What you will do:
When copying the listing below, skip every picture and keep each word as it stands.

Data section:
== Segment start ==

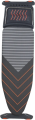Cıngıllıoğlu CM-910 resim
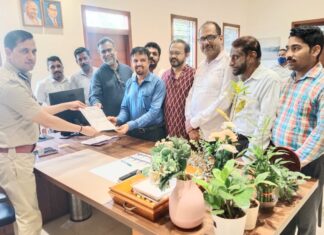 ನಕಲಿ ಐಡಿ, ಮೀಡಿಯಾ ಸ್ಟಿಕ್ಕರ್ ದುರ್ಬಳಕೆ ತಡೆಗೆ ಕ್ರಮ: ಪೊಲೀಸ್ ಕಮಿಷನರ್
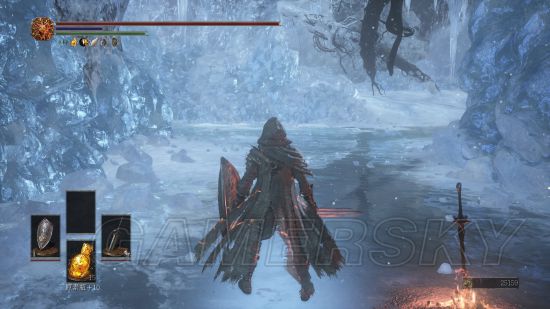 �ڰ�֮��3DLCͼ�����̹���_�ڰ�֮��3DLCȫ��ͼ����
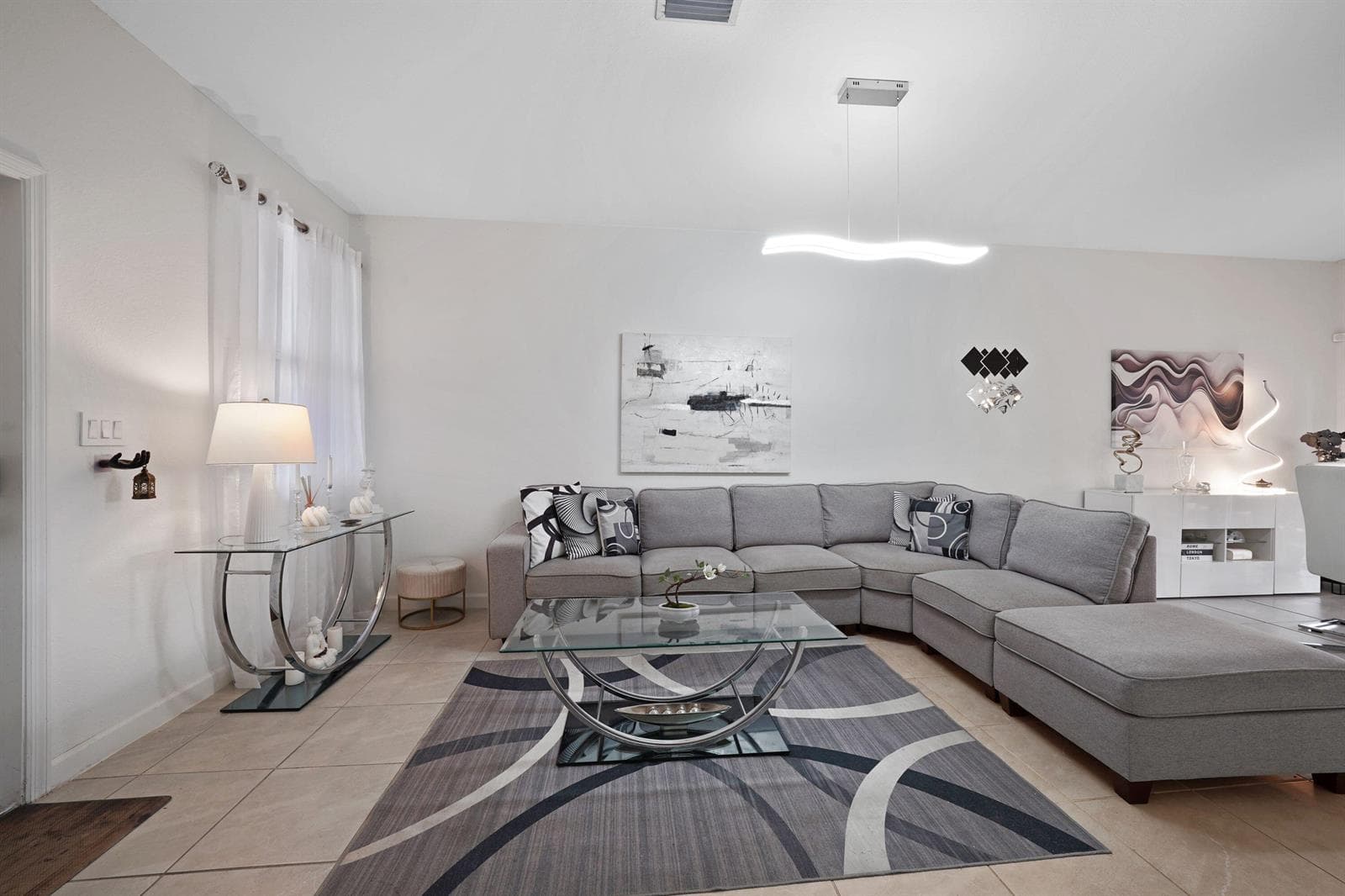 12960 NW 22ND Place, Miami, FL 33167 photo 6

== Segment end ==

Exercise solution:
Cıngıllıoğlu CM-910 resim
 ನಕಲಿ ಐಡಿ, ಮೀಡಿಯಾ ಸ್ಟಿಕ್ಕರ್ ದುರ್ಬಳಕೆ ತಡೆಗೆ ಕ್ರಮ: ಪೊಲೀಸ್ ಕಮಿಷನರ್
 �ڰ�֮��3DLCͼ�����̹���_�ڰ�֮��3DLCȫ��ͼ����
 12960 NW 22ND Place, Miami, FL 33167 photo 6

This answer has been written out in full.